© Académie des Arts de Berlin, archives de la collection de photos Walter Benjamin

Ce n’est pas vraiment un portrait, ce n’est pas non plus sa dernière photographie. « Vieil homme de quarante-six ans en chemise blanche, cravate, pantalon avec une chaine de montre – un corps mou et gras, un regard truculent dirigé vers l’appareil ». Une fois de plus, Susan Sontag n’est pas tendre avec Walter Benjamin qu’elle admire par ailleurs. Bien sûr, il parait au moins dix ans de plus, c’est le produit d’une nutrition négligée pour cause de pauvreté, d’une vie sédentaire – toutes ces années passées assis à la Bibliothèque nationale, son lieu, son refuge. « C’était un triste » écrit-elle encore, un mélancolique, un solitaire.

La photographie est prise pendant l’été 1938, devant la maison de Bertolt Brecht, à Svendborg au Danemark. C’est Stephan Brecht, le fils du dramaturge qui l’a saisi, les mains dans les poches, ventre en avant, l’air bourru, grognon, les yeux à moitié fermés derrière ses éternelles lunettes rondes, comme s’il murissait quelque malice à l’encontre de celui qui le surprenait ainsi, dans sa fragilité. On connait deux autres clichés de Stephan, Benjamin jouant au échecs avec Brecht ; c’est le début de la partie et il semble avoir perdu un fou et deux pions…

Benjamin a rencontré Brecht en mai 1929 par l’intermédiaire d’Asja Lacis, comédienne, directrice de théâtre, militante révolutionnaire, un des trois grands amours de sa vie, a-t-il écrit quand Brecht figure parmi ses trois « autorités intellectuelles », avec Adorno et Scholem, qui ne « cesseront de [lui] poser des problèmes difficiles (… ) de théorie philosophique, de politique littéraire, de fidélité religieuse ». (1)

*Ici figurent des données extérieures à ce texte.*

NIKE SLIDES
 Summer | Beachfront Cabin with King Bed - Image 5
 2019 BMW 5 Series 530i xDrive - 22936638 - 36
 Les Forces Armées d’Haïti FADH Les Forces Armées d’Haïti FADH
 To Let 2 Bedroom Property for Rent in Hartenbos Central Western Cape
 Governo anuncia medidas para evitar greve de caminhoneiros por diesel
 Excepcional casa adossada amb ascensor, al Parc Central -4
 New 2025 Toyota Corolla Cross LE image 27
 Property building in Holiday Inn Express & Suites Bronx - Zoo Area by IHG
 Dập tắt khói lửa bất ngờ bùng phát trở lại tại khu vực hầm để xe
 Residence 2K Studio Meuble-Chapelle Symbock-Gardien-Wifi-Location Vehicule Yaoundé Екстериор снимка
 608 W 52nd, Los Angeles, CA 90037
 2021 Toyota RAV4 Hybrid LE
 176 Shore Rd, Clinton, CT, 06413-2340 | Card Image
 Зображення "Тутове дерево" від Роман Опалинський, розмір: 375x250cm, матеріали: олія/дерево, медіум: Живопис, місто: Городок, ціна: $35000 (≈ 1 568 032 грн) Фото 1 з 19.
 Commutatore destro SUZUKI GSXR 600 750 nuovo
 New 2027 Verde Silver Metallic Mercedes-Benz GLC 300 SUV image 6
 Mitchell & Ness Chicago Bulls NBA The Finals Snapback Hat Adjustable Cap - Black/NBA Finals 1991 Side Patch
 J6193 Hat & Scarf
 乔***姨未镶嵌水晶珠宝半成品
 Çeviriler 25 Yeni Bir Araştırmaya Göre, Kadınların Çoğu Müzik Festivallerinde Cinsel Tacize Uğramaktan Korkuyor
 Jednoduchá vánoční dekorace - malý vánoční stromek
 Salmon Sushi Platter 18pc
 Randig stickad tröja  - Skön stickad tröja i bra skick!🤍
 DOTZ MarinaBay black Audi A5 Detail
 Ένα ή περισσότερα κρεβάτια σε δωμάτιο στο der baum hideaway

La maison de Svendborg est un refuge pour le metteur en scène et sa famille qui ont dû fuir la menace nazie à l’été 1933. Il y écrit et reçoit des amis jusqu’à ce que le danger le pousse à partir plus loin, en 1939 dans le nord de l’Europe puis aux États-Unis en 1941. Quand Benjamin parvient à Svendborg à la fin juin 1938, Brecht vient d’achever l’écriture de Grand’peur et misère du IIIe Reich, un ensemble de saynètes, datées et localisées, écrites d’après des récits de témoins et des coupures de journaux sur la société allemande depuis la prise de pouvoir par Hitler. Il y pressent l’approche de la guerre. « Celui qui se dit envoyé de Dieu est prêt / Pour la guerre. – Il possède tanks, canons, croiseurs, / Et des avions dans ses hangars en si grand nombre / Qu’il n’a qu’un geste a faire et le ciel devient sombre » sont les premières phrases qui résonnent encore aujourd’hui. Un mois plus tôt, Benjamin assistait à la première parisienne de la pièce et en publiait une analyse avant de prendre le train pour le Danemark.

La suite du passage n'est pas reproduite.